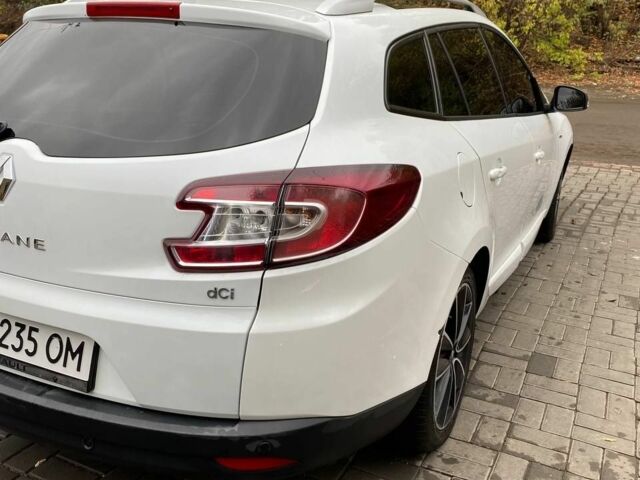 Белый Рено 4, объемом двигателя 1.5 л и пробегом 280 тыс. км за 5500 $, фото 5 на Automoto.ua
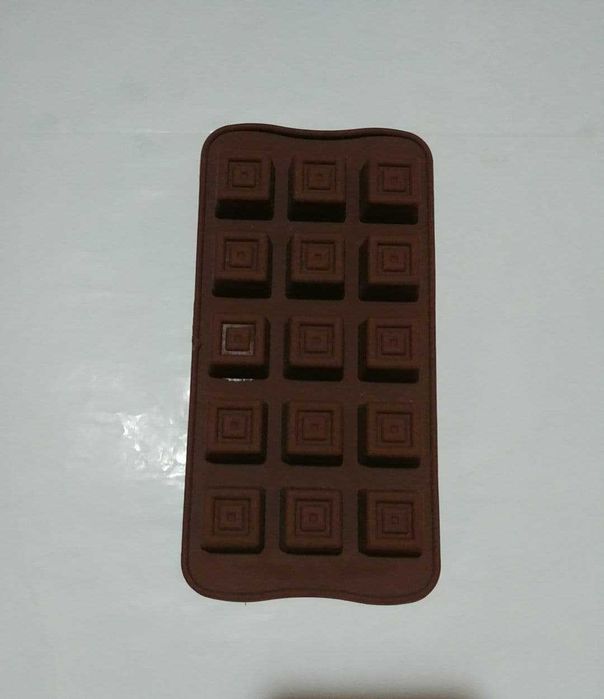Силиконовые формы для выпечки , льда .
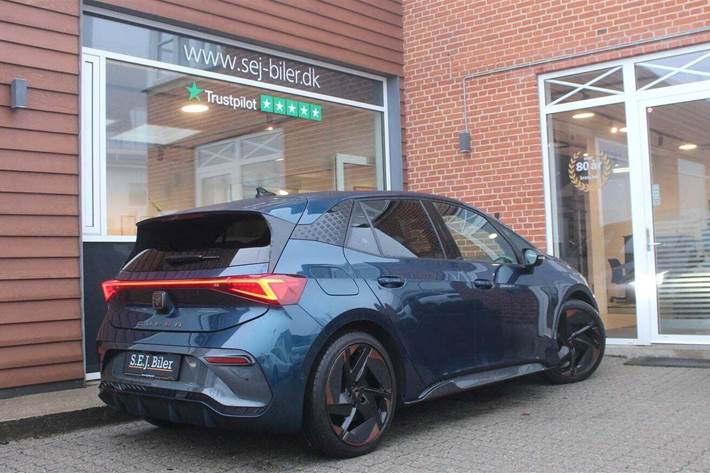 Blå Cupra Born fra 2023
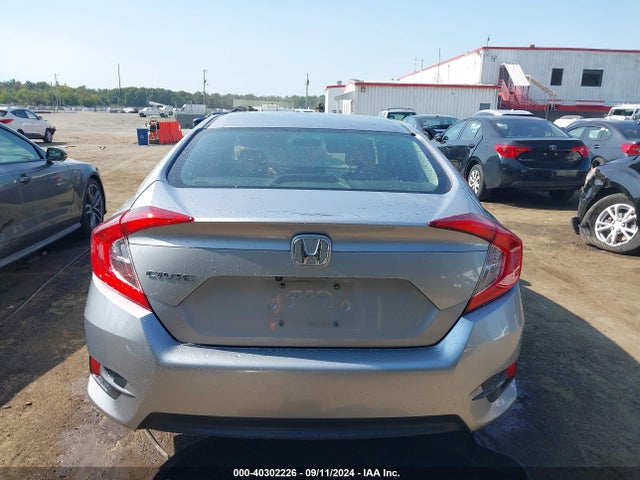 Honda Civic Lx 2018 2HGFC2F55JH517471 Image 16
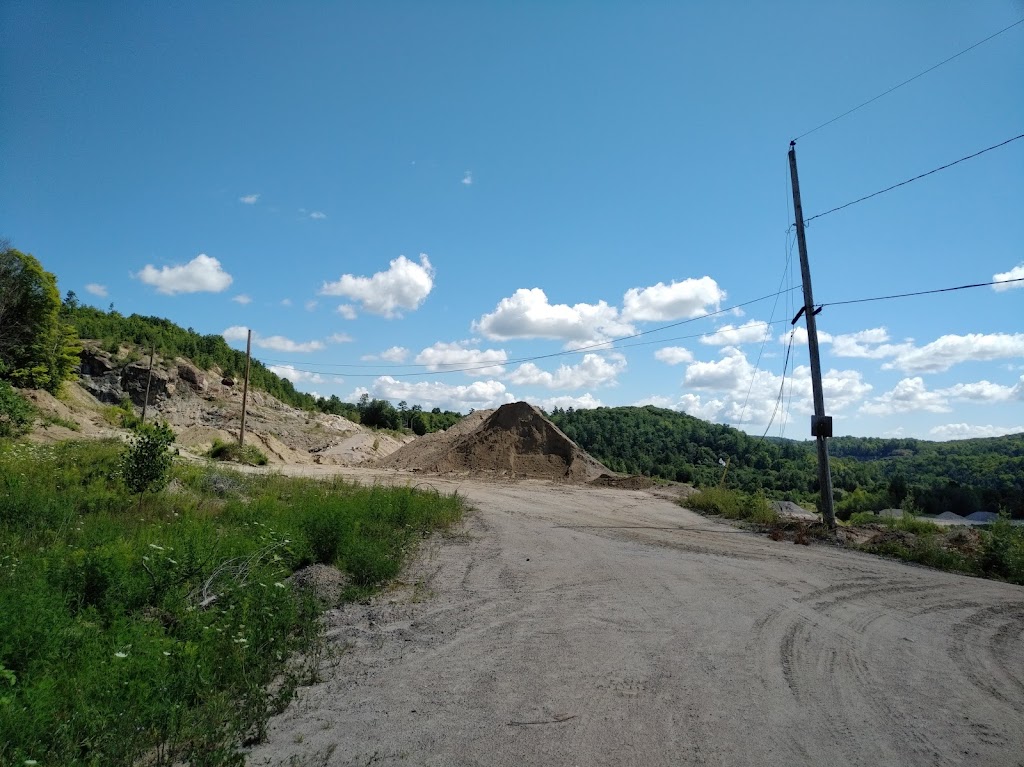 Depotoir Thibault Demolition | 135 Chem. Saint-Antoine, Val-des-Monts, QC J8N 7G9, Canada | Phone: (819) 671-4112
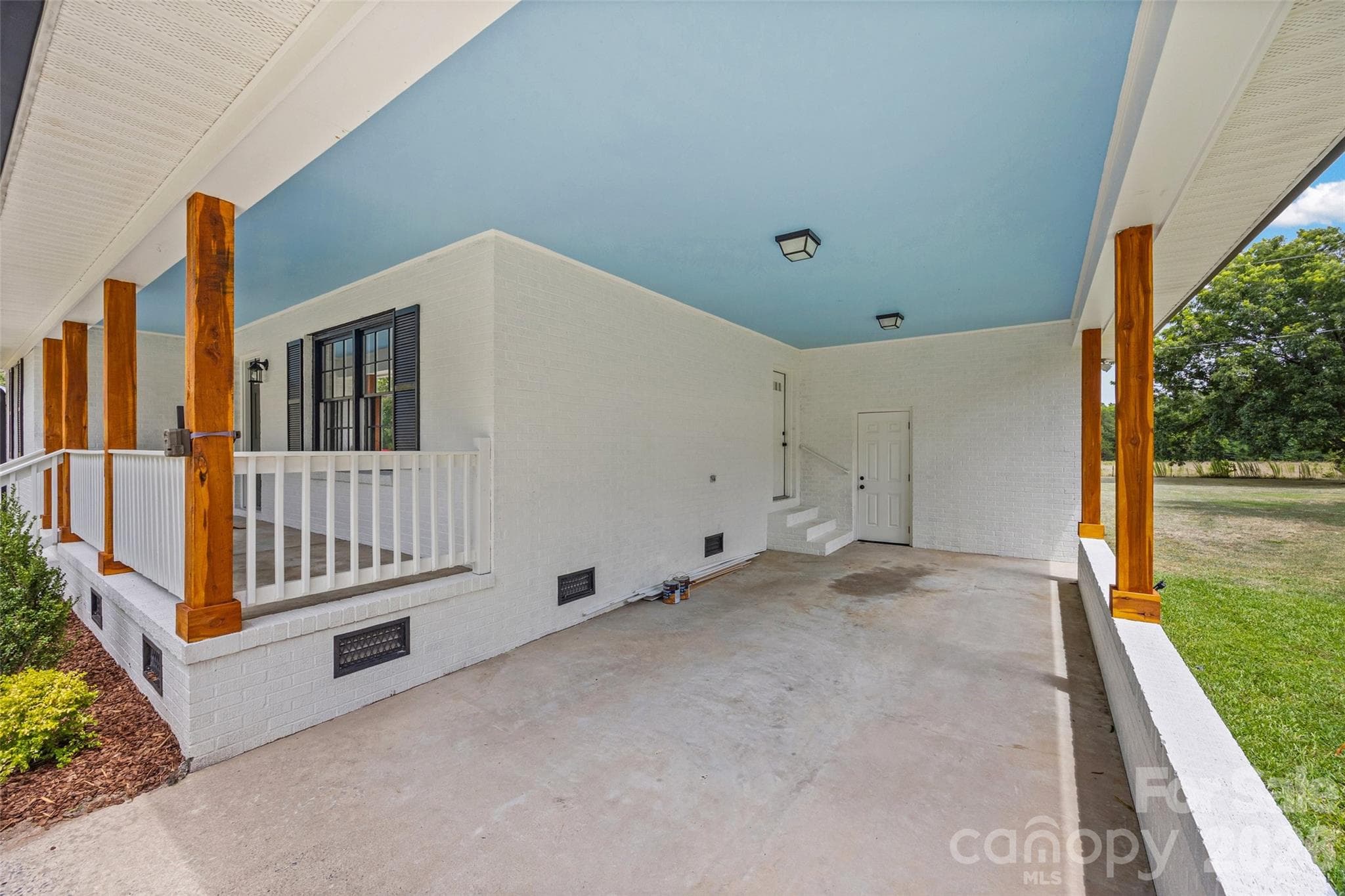Single Family Residence at 1620 Saluda Road, Chester, photo 4 of 18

> **Work task**:
What is needed is an exact transcription of the lines from the one holding "Силиконовые формы для выпечки , льда ." to the end of the data, with every picture left out.

> **Solution to the problem**:
Силиконовые формы для выпечки , льда .
 Blå Cupra Born fra 2023
 Honda Civic Lx 2018 2HGFC2F55JH517471 Image 16
 Depotoir Thibault Demolition | 135 Chem. Saint-Antoine, Val-des-Monts, QC J8N 7G9, Canada | Phone: (819) 671-4112
Single Family Residence at 1620 Saluda Road, Chester, photo 4 of 18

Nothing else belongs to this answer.